Required action: How many lines in the records below hold the string "from"? Answer with the number alone.

Collected data entries:
+ + + + +
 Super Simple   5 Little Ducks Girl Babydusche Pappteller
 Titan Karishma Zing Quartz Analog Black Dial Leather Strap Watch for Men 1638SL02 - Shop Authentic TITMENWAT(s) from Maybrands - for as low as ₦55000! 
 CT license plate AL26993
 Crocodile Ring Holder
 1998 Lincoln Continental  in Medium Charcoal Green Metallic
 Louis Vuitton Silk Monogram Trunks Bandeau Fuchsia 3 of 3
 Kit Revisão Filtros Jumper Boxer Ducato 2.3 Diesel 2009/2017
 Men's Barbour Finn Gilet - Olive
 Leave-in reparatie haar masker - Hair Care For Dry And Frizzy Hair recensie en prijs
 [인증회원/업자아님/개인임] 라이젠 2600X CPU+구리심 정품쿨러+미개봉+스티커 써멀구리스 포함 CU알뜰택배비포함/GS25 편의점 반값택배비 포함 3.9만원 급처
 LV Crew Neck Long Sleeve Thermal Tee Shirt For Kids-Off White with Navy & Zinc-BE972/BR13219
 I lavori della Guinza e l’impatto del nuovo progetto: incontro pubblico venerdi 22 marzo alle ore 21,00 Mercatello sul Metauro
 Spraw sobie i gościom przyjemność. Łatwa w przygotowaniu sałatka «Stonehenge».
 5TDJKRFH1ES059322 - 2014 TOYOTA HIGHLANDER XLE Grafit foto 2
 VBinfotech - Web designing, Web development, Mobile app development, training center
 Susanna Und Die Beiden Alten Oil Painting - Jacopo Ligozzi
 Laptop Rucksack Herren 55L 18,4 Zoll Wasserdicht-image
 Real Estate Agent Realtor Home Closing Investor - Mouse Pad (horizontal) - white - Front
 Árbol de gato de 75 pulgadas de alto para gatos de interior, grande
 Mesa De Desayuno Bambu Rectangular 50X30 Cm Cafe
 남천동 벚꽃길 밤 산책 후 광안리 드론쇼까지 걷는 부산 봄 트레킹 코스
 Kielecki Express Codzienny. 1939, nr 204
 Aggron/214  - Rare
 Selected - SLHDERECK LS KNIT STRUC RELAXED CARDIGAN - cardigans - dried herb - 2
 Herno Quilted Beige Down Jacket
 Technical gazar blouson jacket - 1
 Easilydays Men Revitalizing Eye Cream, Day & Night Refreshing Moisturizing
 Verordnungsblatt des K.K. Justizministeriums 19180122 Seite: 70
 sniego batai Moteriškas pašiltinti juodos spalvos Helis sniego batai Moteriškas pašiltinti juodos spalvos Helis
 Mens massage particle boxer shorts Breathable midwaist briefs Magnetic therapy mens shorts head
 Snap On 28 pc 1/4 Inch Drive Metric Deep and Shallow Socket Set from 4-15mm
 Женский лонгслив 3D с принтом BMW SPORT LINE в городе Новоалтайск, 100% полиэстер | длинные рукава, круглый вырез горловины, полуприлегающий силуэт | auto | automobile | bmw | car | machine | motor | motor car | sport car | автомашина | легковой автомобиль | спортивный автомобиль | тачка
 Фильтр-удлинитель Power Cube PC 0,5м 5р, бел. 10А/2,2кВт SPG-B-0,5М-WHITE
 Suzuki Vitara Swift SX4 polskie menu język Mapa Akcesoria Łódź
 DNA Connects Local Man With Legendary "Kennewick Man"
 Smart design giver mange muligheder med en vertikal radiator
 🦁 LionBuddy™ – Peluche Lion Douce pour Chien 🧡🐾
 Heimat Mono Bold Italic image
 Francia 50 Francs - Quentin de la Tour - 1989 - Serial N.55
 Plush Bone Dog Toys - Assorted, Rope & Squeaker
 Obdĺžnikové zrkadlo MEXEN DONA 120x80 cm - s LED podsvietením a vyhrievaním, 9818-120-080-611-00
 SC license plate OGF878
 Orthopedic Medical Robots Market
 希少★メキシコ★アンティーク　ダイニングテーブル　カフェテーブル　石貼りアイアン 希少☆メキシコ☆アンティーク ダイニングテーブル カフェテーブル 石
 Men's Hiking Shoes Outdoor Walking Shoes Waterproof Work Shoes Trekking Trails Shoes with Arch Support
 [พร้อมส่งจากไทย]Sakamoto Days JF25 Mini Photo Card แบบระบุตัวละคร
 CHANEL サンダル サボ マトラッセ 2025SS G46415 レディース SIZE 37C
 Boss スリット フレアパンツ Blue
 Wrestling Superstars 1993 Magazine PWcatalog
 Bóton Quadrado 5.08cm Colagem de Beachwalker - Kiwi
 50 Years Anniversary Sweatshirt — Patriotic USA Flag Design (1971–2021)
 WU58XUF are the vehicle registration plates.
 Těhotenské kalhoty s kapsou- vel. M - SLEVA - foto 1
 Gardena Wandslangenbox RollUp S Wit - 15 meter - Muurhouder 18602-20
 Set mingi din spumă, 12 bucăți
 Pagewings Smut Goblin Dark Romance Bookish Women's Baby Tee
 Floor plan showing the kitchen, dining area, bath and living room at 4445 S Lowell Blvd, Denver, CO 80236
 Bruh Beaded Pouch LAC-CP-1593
+ + + + +
Answer section: 2